I don’t remember for certain where this idea came from.
One of the howie&scott Seasides EP tracks included on the V for Voice CD and paid Bandcamp download will be “After the Rain (Night Mode disintegration mix),” and the picture above is a big part of how I made it.
I started listening to The Disintegration Loops in 2009, a few years after they were released. I’m reconstructing memories here (ironic, I guess) but I think I must have abstractly wanted to do some kind of homage for a while. Then at some point realized that the verse guitar figure from “After the Rain” might work as source material.
I didn’t copy William Basinski’s method – how could I, his was an accident and took years – but I re-created a similar effect, and added my own twists on the idea. Once the computer work was all set, I ran the piece through pictured setup: two delays, phaser, and tape EQ and saturation.
The mix should have something like its intended effect regardless of whether the listener knows The Disintegration Loops, but knowing them may add to the experience.
Here’s the latest creation from the Mr. Furious Audio lab, which has haunted me for several months.
It’s a mash-up of my previous SPFFy Bypass Loop Selector (can’t find a link, I guess I haven’t written about that), and a Mammoth Lace Looper kit. In non-tech terms it doesn’t make any sound on its own; it’s for turning multiple other pedals on or off with one stomp and no clicks or pops.
I had to hack and kludge a bit, but it finally does everything it’s supposed to do. It’s mostly for recording, but might possibly see live use for future h&s stuff (beyond V for Voice, depending which direction we go after) or for Sneaky Sneaky Snakes.

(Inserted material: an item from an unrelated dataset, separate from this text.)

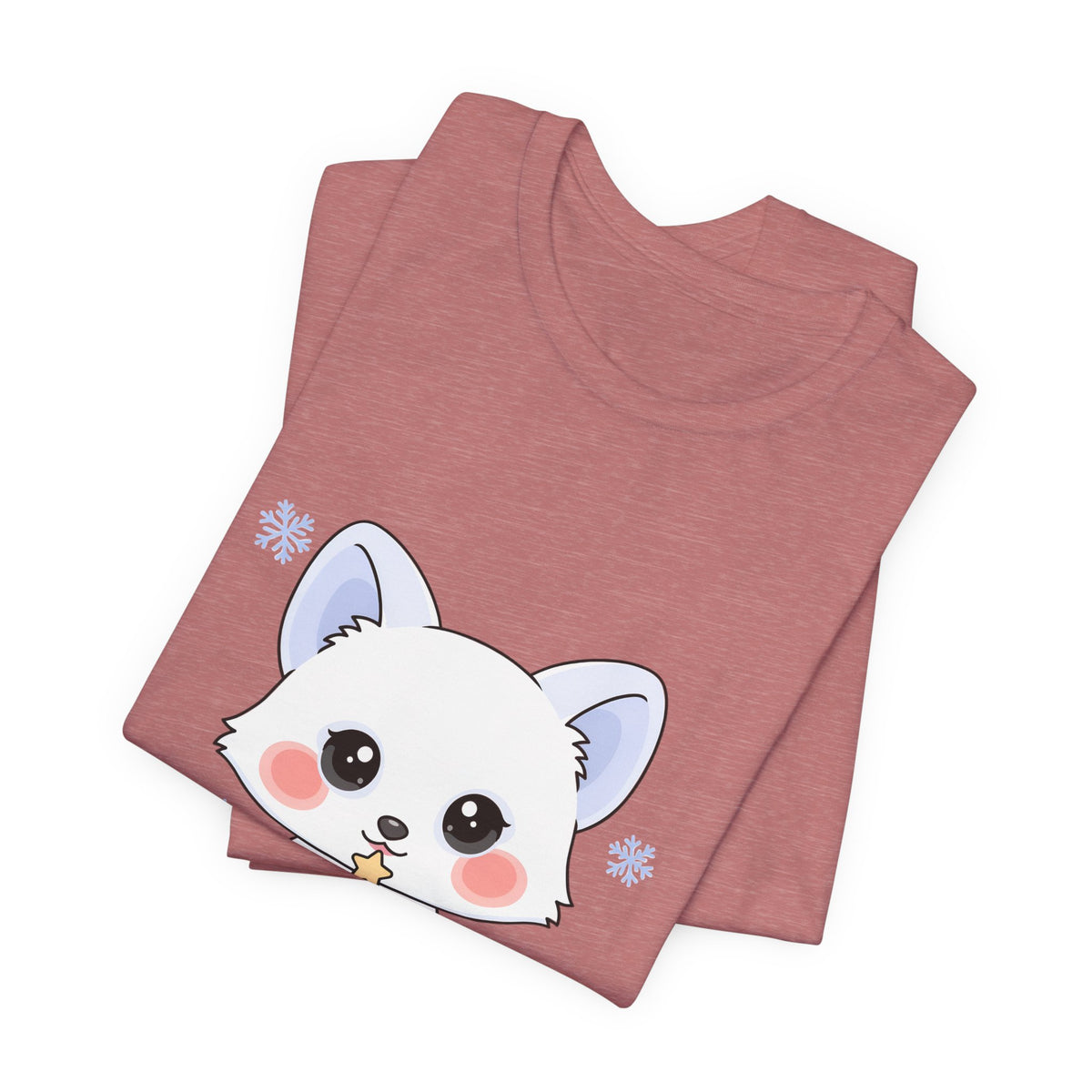 Kawaii Christmas Fox T-Shirt for Cozy Holiday Decorating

The various modes described below all have their uses in creating different effects textures and timbres for various sections of songs, plus the silent relay switching ensures no thumps or pops from standard 3PDT footswitches are recorded.
< TECH TALK WARNING >
SPFFy Lace has four modes:
Lace mode – A single relay-switched true bypass loop, controlled by the master bypass footswitch (farthest to the right). No other controls are active in Lace mode.

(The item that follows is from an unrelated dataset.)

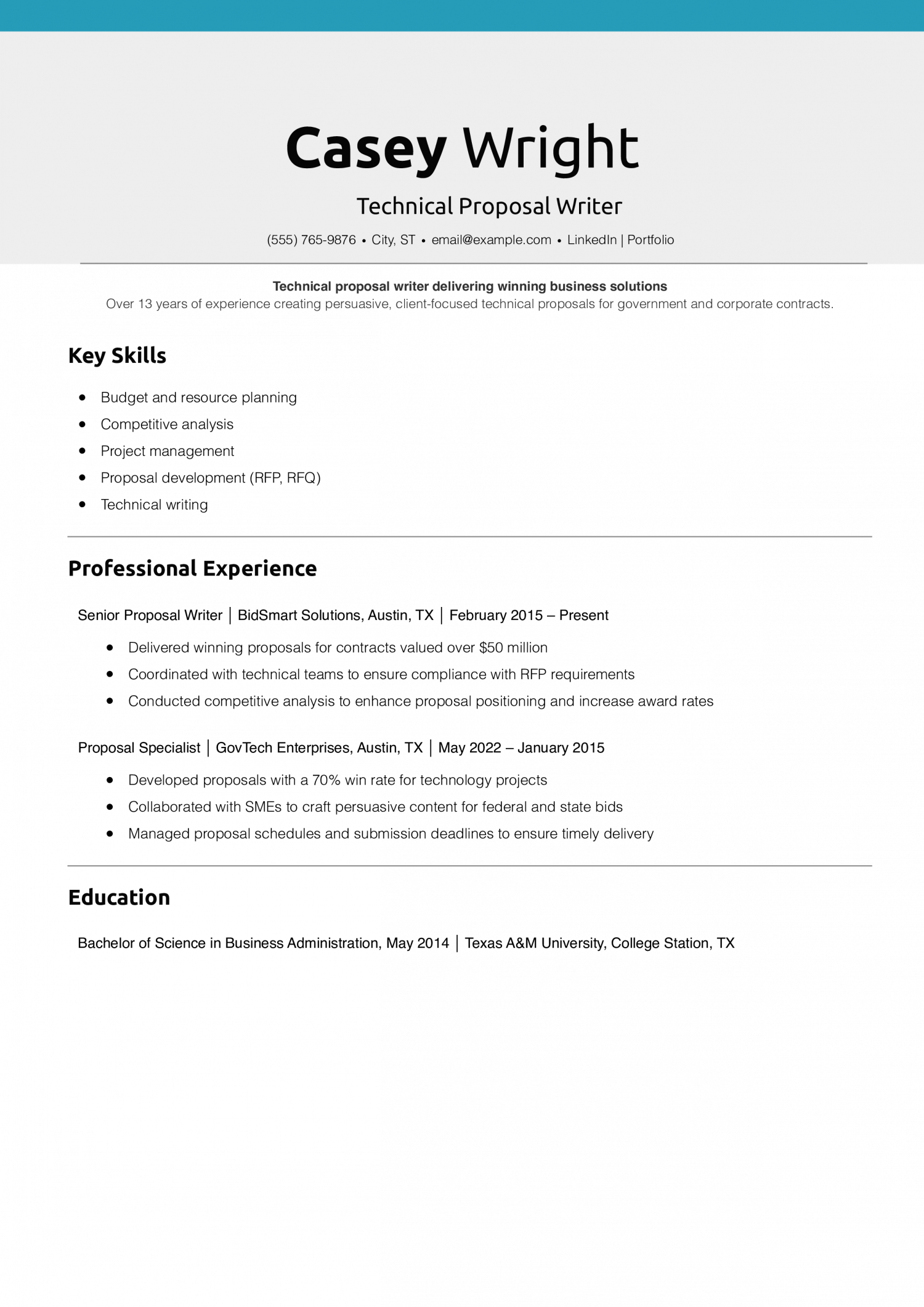 Technical Proposal Writer Resume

Series mode – Two relay-switched buffered bypass loops in series. The second loop has a volume cut/boost and polarity inverter available when active and reverb/echo trails when deactivated.
Parallel mode – Two relay-switched buffered bypass loops in parallel. Both loops have a volume cut/boost available when active and reverb/echo trails when deactivated, and the second loop has a polarity inverter.
Flip-Flop mode – Two relay-switched buffered bypass loops in series; turning one on automatically turns the other off (!) *unless* the “FFX” (flip-flop kill) momentary switch is *also* engaged. The second loop has a volume cut/boost and polarity inverter available when active and reverb/echo trails when deactivated.
Improvements over the first version of the SPFFy include:
Lower noise
Master bypass switch
A true bypass loop
Silent switching (via the Lace)
Most of my time spent on this project was figuring out how to combine the Series/Parallel/Flip-Flop routing of the SPFFy with the Lace Looper relay bypass PCBs. I went into the project assuming, incorrectly, that the Lace PCBs used a three-pole design analogous to how I’d wire a standard 3PDT switch.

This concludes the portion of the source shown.